This paper will summarise Zach Leggett’s points of view on the Darroux case, based on his article “Theft: appropriation through submitting false claims? Darroux v R”. The key arguments outlined by the author will be identified and then critically analysed. For this purpose, the facts of the cases of Gomez and Hinks will be summarised briefly, and by emphasizing the similarities and differences, their decisions will be compared with the judgment in the Darroux case. Both narrow and wide approaches taken in various cases of the Court of Appeal (CA) will be contrasted by analysing the reasons for the judgment in Darroux. Then the differences between theft and fraud will be explained, along with the policy discussions when the Fraud Act was introduced. The issues presented where there were convictions for cases that should have been fraud rather than theft will be analysed, concentrating on why remoteness is important to distinguish them. It will pinpoint the reasons why the prosecution should charge the correct way to avoid issues with convictions. Also, the leading case R v Preddy will be summarized concentrating on the problems created by this decision. Another leading case, R v Williams will be contrasted accentuating on how this decision remedies the problem created by the decision in Preddy. The essay will discuss Catherine Elliot’s views in her article “Theft: appropriation and remoteness”, and focus on the reasons why the decision in R v Williams closed off some of the problematic loopholes created in Preddy. The judgment of the Court of Appeal in the Darroux case will be analyzed with a focus on why it departed from the decision in R v Williams and what is the difference between the two decisions. The opinion of the author of this essay will be expressed all the way through the paper while comparing it to the points of view of the authors of the legal articles subject to this analysis.
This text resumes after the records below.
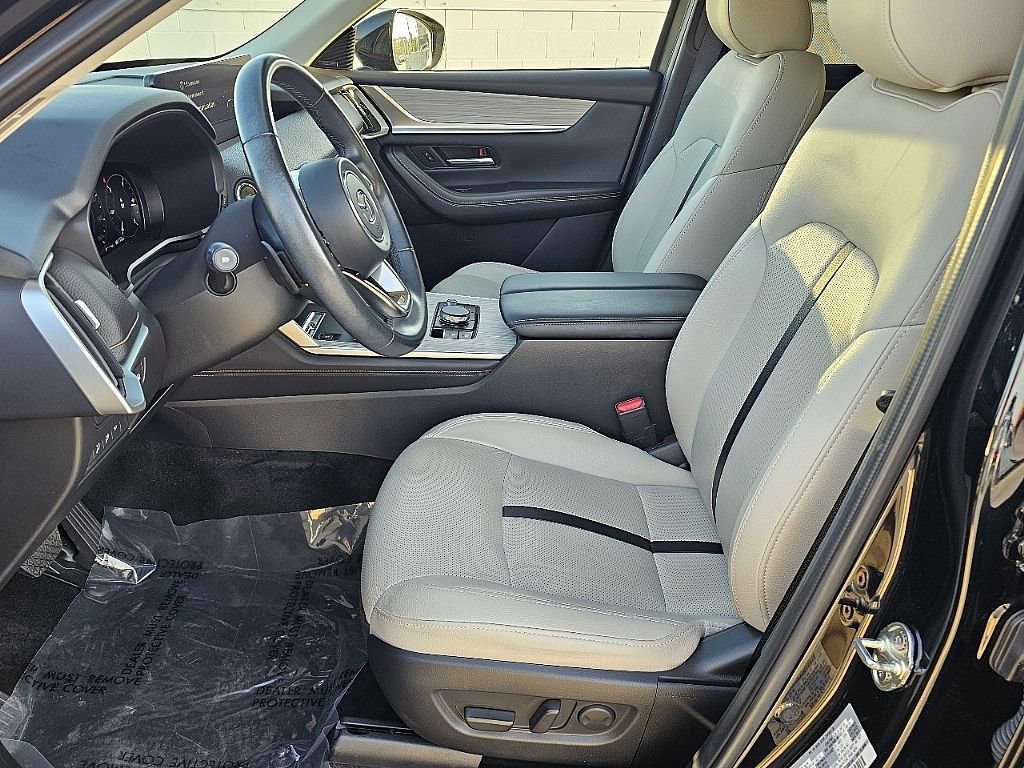 Certified 2025 MAZDA CX-70 Plug-In Hybrid w/ Premium Pkg AWD/4WD image 28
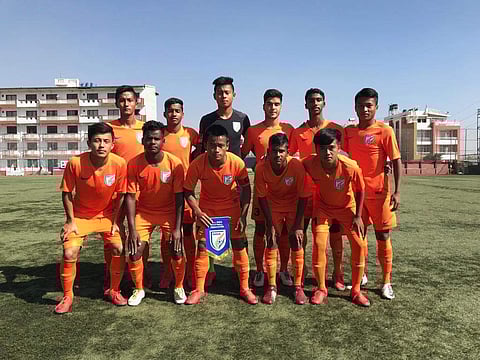 പടിക്കൽ കലമുടച്ച് ഇന്ത്യൻ കൗമാര സംഘം; അണ്ടർ 15 സാഫ് ഫുട്ബോളിൽ നിലവിലെ ചാംപ്യൻമാർ സെമിയിൽ വീണു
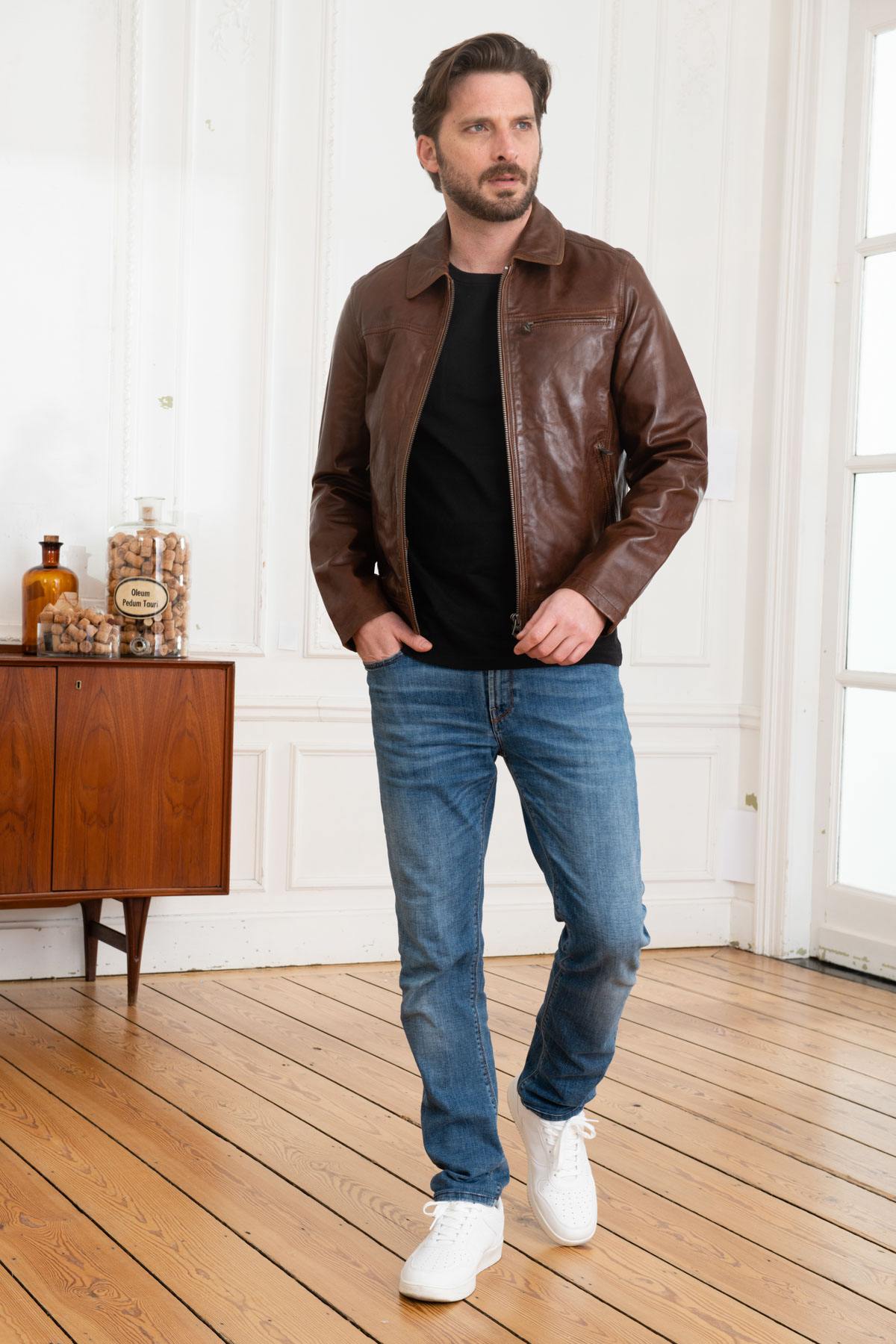 Daytona's soft lambskin jacket: aged, slim-fit, with a shirt collar. - Image n°2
R v Daroux is a modern-day criminal law case where between 2011 and 2014 the D had falsely claimed from her employer overtime, on-call and holiday payments amounting to £49,465. She was charged with nine counts of theft contrary to s.1 of the Theft Act. D was found guilty of six of them and was sentenced to 16 months imprisonment. Consequently, she appealed on the grounds that theft was an unsuitable indictment, and although the jury had found her to be dishonest, The Court of Appeal judged that the D had not done anything which constitutes an appropriation in the sense defined by law because she did not keep the money permanently. Therefore her conviction was quashed and the Court concluded that there was no appropriation. The Court of Appeal criticised the trialling court’s decision that D was charged under s.1 of the Theft Act 1968 and accepted that a charge under ss. 1 and 2 of the Fraud Act 2006 would have been more appropriate (at ). However, D was not charged contrary to the Fraud Act.
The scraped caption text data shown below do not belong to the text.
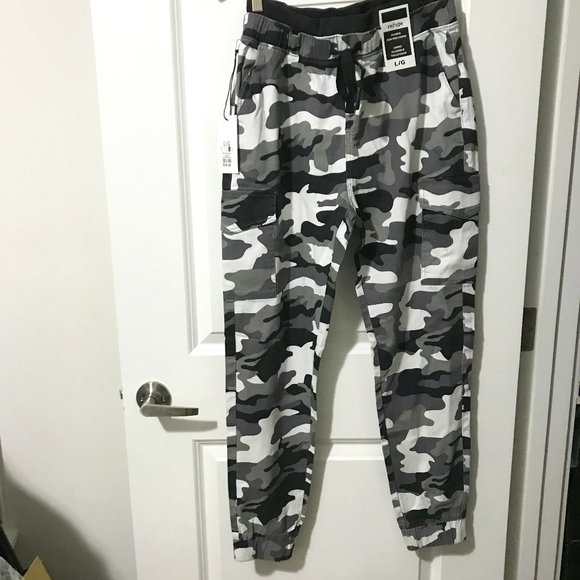 refuge Pants - Refuge Camo Classic High Rise Cargo Pants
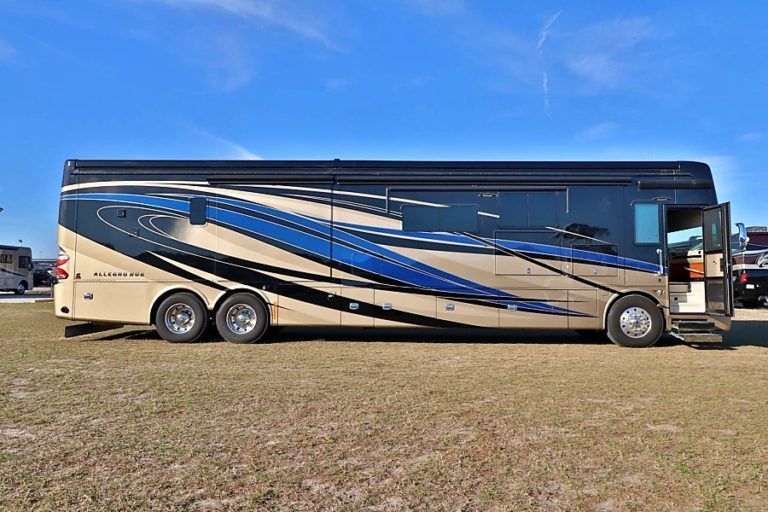 Photo 18 - 2016 Tiffin Class A Motorhome rental photo 20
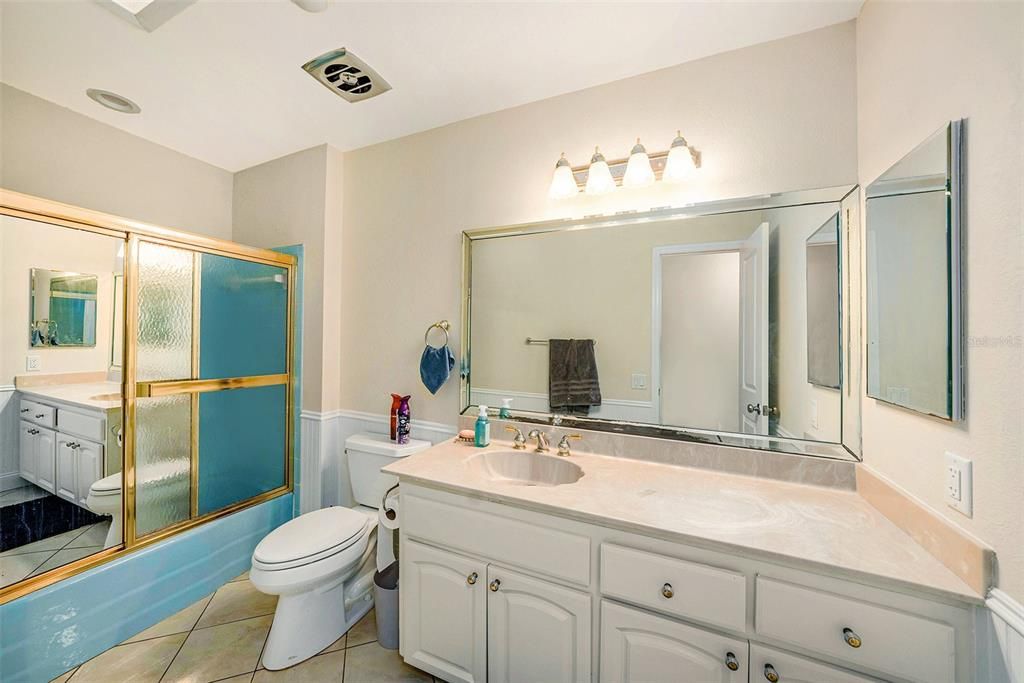 En Venta: $450,000 (3 camas, 2 baños, 1624 Pies cuadrados)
In his article “Theft: appropriation through submitting false claims? Darroux v R” Zach Leggett who is a Senior Lecturer in Law at the University of Sunderland, reflects upon the approach of the Court of Appeal when deciding on the fine distinction between theft and fraud. Departing from the decision in R v Darroux Leggett criticizes such an interpretation by the judges and in his opening argument he maintains that “the court takes a narrow view of appropriation”. This sounds like a strong surmise because quite often stealing is associated with physically picking up something and assuming the owner’s right. The law differentiates between tangible and intangible property and s.4 of the Theft Act provides that “things in action” also constitute property. D has stolen “chose in action” which is something intangible and although it cannot be seen it still can be appropriated. However, by merely filling out the relevant and fraudulent claim forms, D was not assuming any rights of the owner concerning the bank account. Therefore, the prosecution should have given an alternative to the jury but instead, they only charged D with theft.
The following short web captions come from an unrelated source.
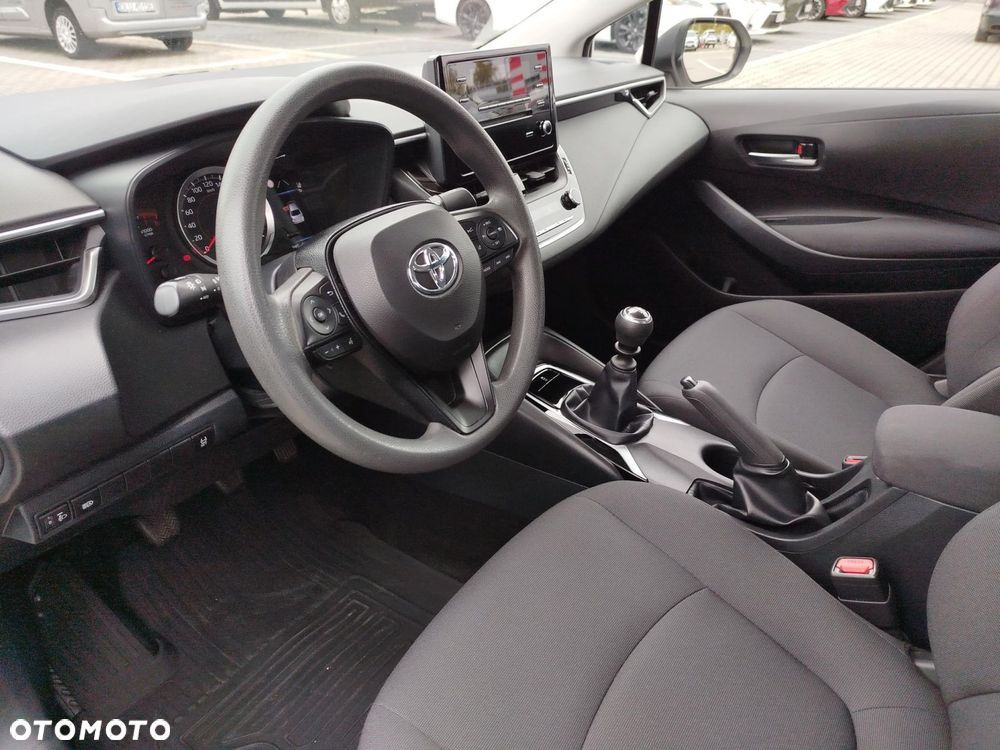 Toyota Corolla - 10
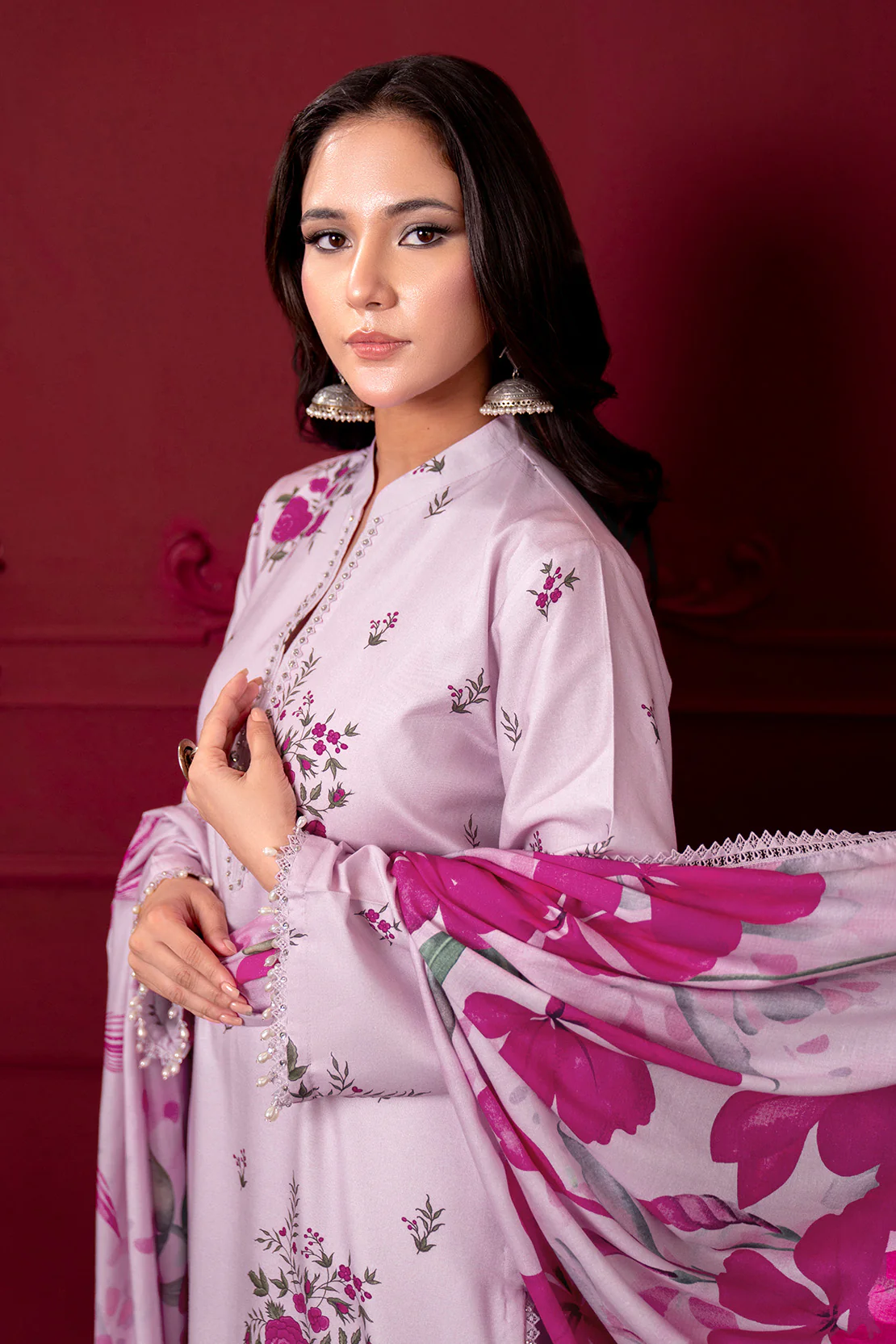 Embroidered - 3 Pc Linen Suit - Image 5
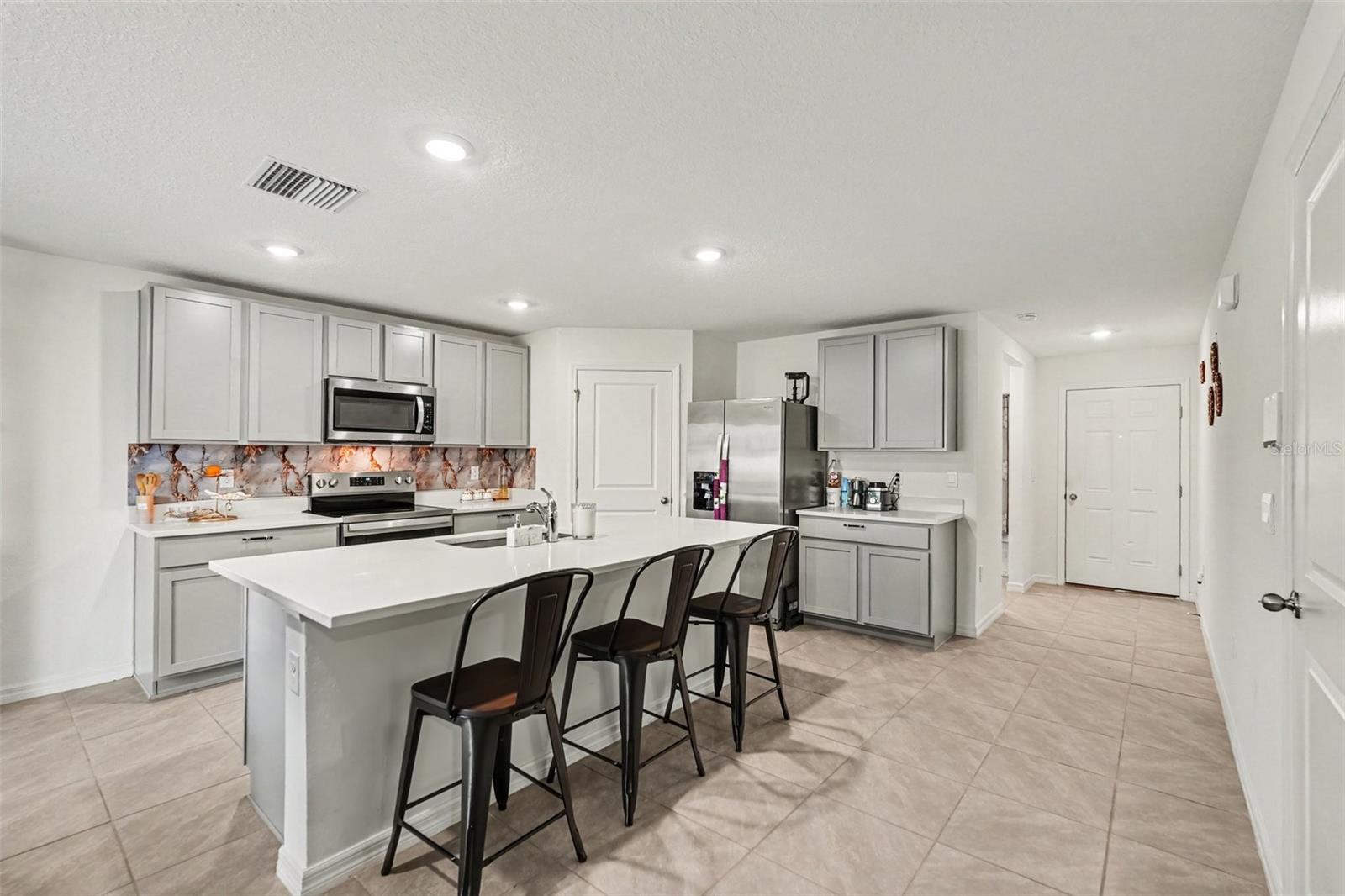 3601 CAPITAL RESERVE DR — photo 11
The second key argument advanced by Leggett is that a narrow view of appropriation “sits uneasily with cases such as Gomez and Hinks”. In the case DPP v Gomez D was an assistant manager at a shop. Knowing that a customer was shopping using stolen cheques D convinced the manager to allow the sale. Consequently, the cheque was not honoured. D was charged with theft and was found guilty. He appealed arguing that it was his manager who approved the sale, but the House of Lords held that the permission had been obtained fraudulently and therefore it upheld the previous decision judging that even acts done with the owner’s consent can constitute appropriation. Gomez is a leading case for dishonest appropriation, but that decision dates back thirteen years before the Fraud Act came into existence. Similarly, in the case R v Hinks, the judgment of the Court of Appeal had been made eight years before the Fraud Act. In this case, D appropriated £60,000 from V, a person of low intelligence, who had been influenced by D in such a way that within seven months V had been withdrawing monies out of his savings and depositing them into D’s bank account. Although this happened with V’s consent D was charged with theft, was convicted, and then appealed arguing that she was receiving gifts from V. The Court of Appeal upheld her conviction and held that appropriation may occur even with V’s consent. Comparing the judgements of these three cases, it looks that the court did take a narrow view in the Darroux case in contrast with the wider view in Gomez and Hinks. Both Ds were convicted of theft because at the time the Fraud Act did not exist. However, in Darroux the Act was available, therefore D should have been charged with fraud.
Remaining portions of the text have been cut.